STA258 Lecture 10

Estimator
Confidence Intervals
Example:
- $σ_{1}^{2} = σ_{2}^{2} = σ^{2}$
- $S_{p}^{2} = \frac{(n_{1} - 1) S_{2} + (n_{2} - 1) S_{2}^{2}}{n_{1} + n_{2} - 2}$
- $C I = ({\bar{Y}}_{1} - {\bar{Y}}_{2}) \pm t_{(\frac{α}{2}, ?)} S_{p} \sqrt{\frac{1}{n_{1}} + \frac{1}{n_{2}}}$
- Mutual funds purchases.
- Can investors do better by buying mutual funds directly rather than through brokers?
- We have a random sample of net annual returns through brokers and directly.
- Find a $95 %$ CI for $μ_{1} - μ_{2}$
- $μ_{1}$ is direct
- $μ_{2}$ is broker
- Assume $σ_{1}^{2} = σ_{2}^{2}$ and annual returns are normal.
- We get that $n_{1} = 50 = n_{2}$
- ${\bar{x}}_{1} = 6.63$
- ${\bar{x}}_{2} = 3.72$
- $s_{1}^{2} = 37.49$
- $s_{2}^{2} = 43.34$
- Pooled Variance
  - $S_{p}^{2} = \frac{(49) (37.49) + (49) (43.34)}{50 + 50 - 2}$
- $ν = 50 + 50 - 2 = 98$
- $t_{(\frac{α}{2}; 98)} = 1.984$
- $C I = (6.63 - 3.72) \pm 1.984 \sqrt{40.42 (50^{- 1} + 50^{- 1})}$
- $C I = 2.91 \pm 2.52$
- $μ_{1} = μ_{d} =$ direct
- $μ_{2} = μ_{b} =$ broker
- Since $0$ is not included, this means the difference is not negligible.
- Because our difference is positive, it means that $μ_{d} > μ_{b}$ . So direct is better.
- If $μ_{d} = μ_{b} ⟹ μ_{d} - μ_{b} = 0$
- Since $μ_{d} - μ_{b} > 0 ⟹ μ_{d} > μ_{b}$ so that's why it's better.
- How sure can we be sure that direct is better than broker?
- $\frac{95}{100}$ times we will have a better return directly. But how strongly can we be confident in this? #tk something about hypothesis testing.

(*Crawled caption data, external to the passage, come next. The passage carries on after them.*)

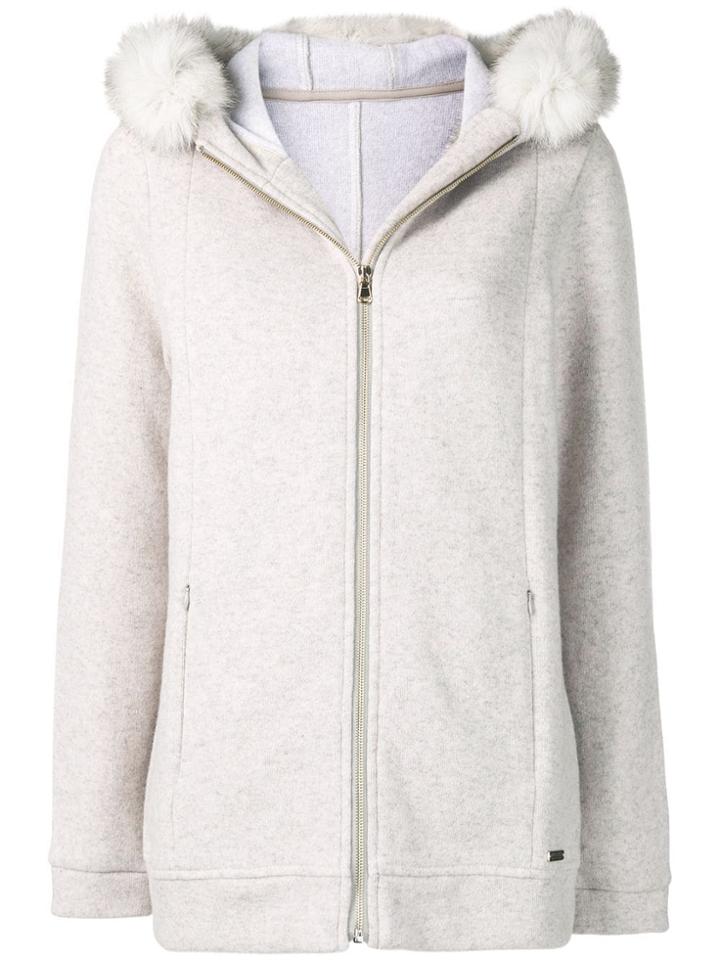 Woolrich Hooded Zipped Cardigan - Nude & Neutrals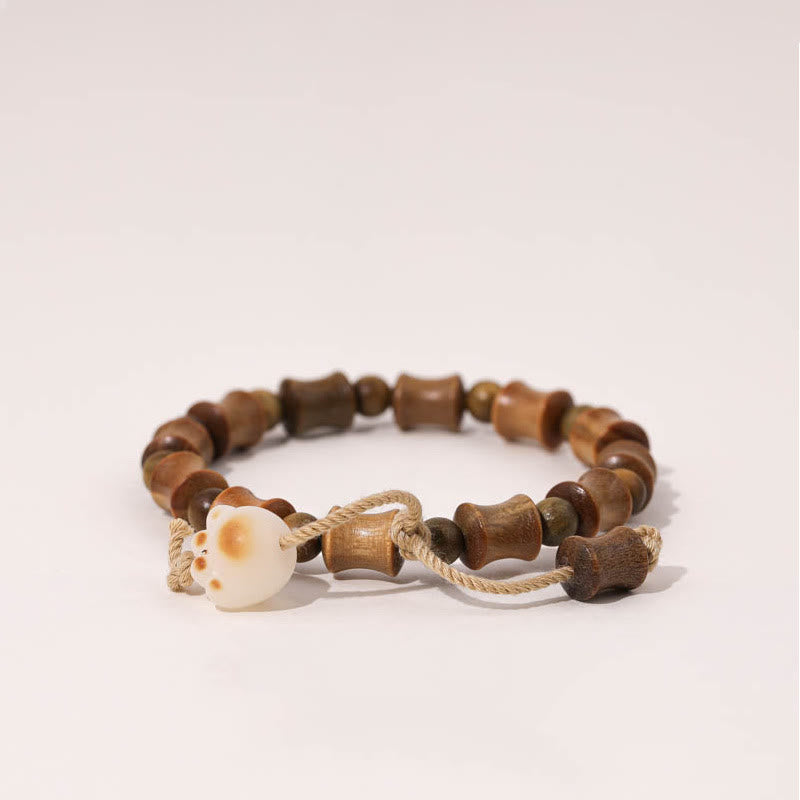 Wear FengShui Green Sandalwood Bodhi Seed Cat Claw Bamboo Peace Bracelet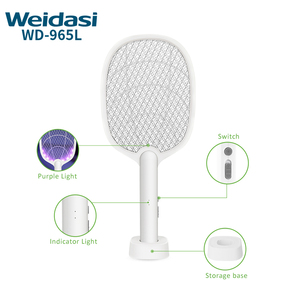 <span class=keywords><strong>Raquette</strong></span> anti-moustiques <span class=keywords><strong>électrique</strong></span> rechargeable USB 2-en-1 avec base de support, tapette à mouches haute tension et destructeur d'insectes, en promotion - Product Image 5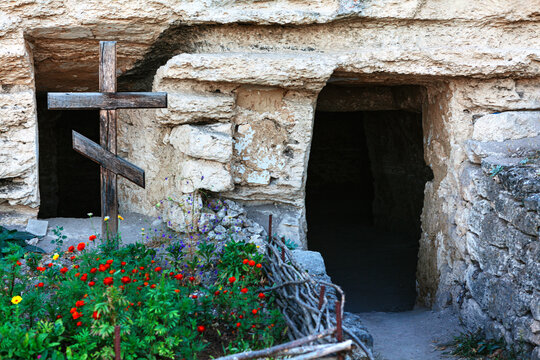 Monastery built in cave . Famous cave monastery in village Tipova from Moldova . House of the monk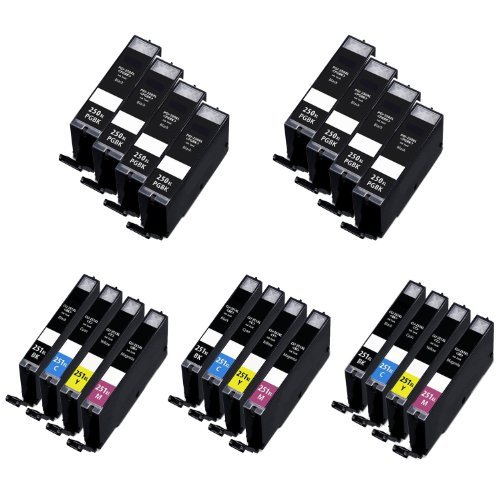 HI-VISION® 20 PK Compatible Canon PGI-250XL PGI 250 CLI-251XL CLI 251 High Yield Ink Cartridge Replacement 8xLg Black,3x(Black,Cyan,Yellow,Magenta) for PIXMA MG6320,MG5420,iP7220,MX922,MX722 Printer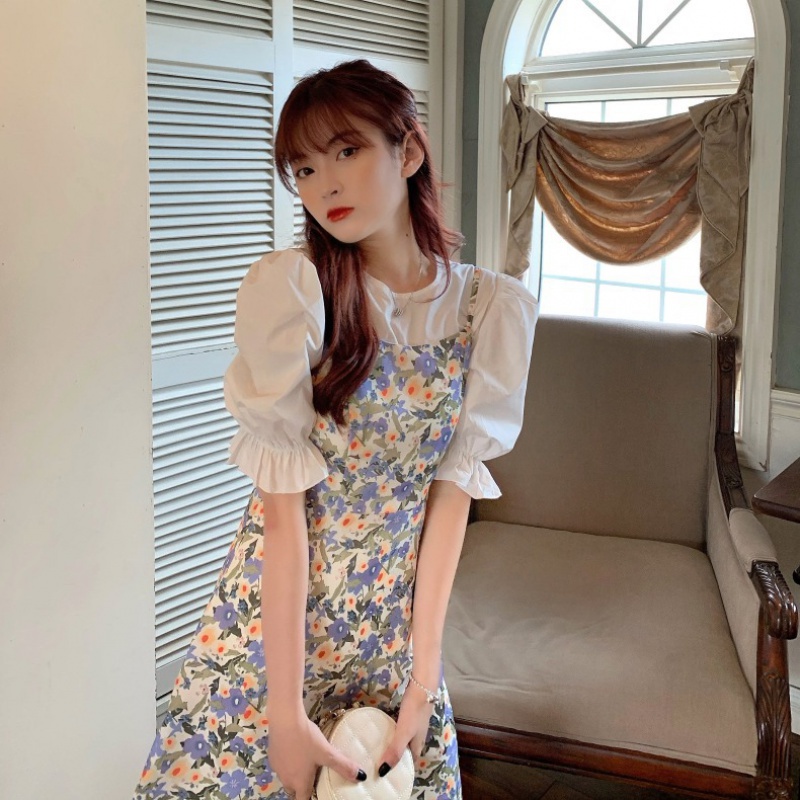 Bộ Đầm Hai Dây Tay Phồng Họa Tiết Hoa Phong Cách Mori Thời Trang Mùa Hè Hàng Mới Dành Cho Bạn Nữ 2022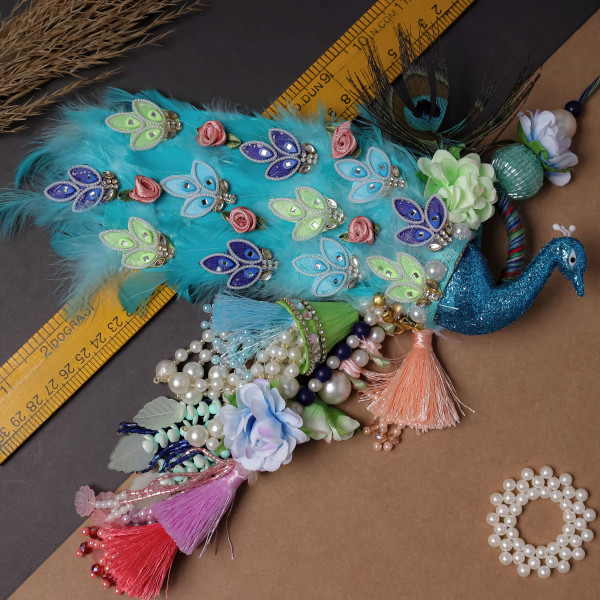 Exclusive Handcrafted Peacock Bhai Bhabhi Rakhi Set | Premium Lumba Rakhi Combo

- Since our interval is almost including $0$ . We need to worry about it:
  - If we have $(0.00000001, 5.43)$ , it's almost $0$
  - If we have $(3, 5.43)$ , it's pretty far away from $0$
  - $(0.39, 5.43)$ isn't as close to $0$ as the first example, but it's almost there.
- Suppose $σ_{1} \neq σ_{2}$
  - $C I = ({\bar{Y}}_{1} - {\bar{Y}}_{2}) \pm t_{(\frac{α}{2}; ν)} \sqrt{\frac{S_{1}^{2}}{n_{1}} + \frac{S_{2}^{2}}{n_{2}}}$
  - We don't pool it because we need to account for different variance.
  - $ν = \frac{{(\frac{S_{1}^{2}}{n_{1}} + \frac{S_{2}^{2}}{n_{2}})}^{2}}{(\frac{1}{n_{1} - 1}) {(\frac{S_{1}^{2}}{n_{1}})}^{2} + (\frac{1}{n_{2} - 1}) {(\frac{S_{2}^{2}}{n_{2}})}^{2}}$
  - This is the Welch method. Easier to do with R.
  - Otherwise, you can do:
    - $min (n_{1} - 1, n_{2} - 1)$
    - This will widen the T Distribution, and will give a conservative answer for your CI.
Example:
- A company sells edu materials.
- A consultant has a $3^{rd}$ grade glass of $n = 21$ for $8$ weeks.
  - This is a treatment group
- We need a control group, so we have $m = 23$ $3^{rd}$ grade students without the materials.
- At the end, both groups are given a DRP test to measure.
- $\begin{matrix} Treatment & Control \\ 24 & 61 & 59 & 46 & | & 42 & 44 & 46 & 37 \\ \dots \end{matrix}$
- Find a $95 %$ CI for the mean improvement.
- $C I = ({\bar{Y}}_{T} - {\bar{Y}}_{C}) \pm t^{⋆} \sqrt{\frac{S_{T}^{2}}{n_{T}} + \frac{S_{C}^{2}}{n_{C}}}$
- Conservative approach $⟹ ν = 20$
- $1 - α = 0.95 ⟹ \frac{α}{2} = 0.025$
- $t_{(0.025; 20)} = 2.086$
- $C I = (51.48 - 41.52) \pm 2.086 (4.31)$
  - $= (0.87, 18.95)$
- The lower bound of mean improvement is barely anything. The higher bound is really effective.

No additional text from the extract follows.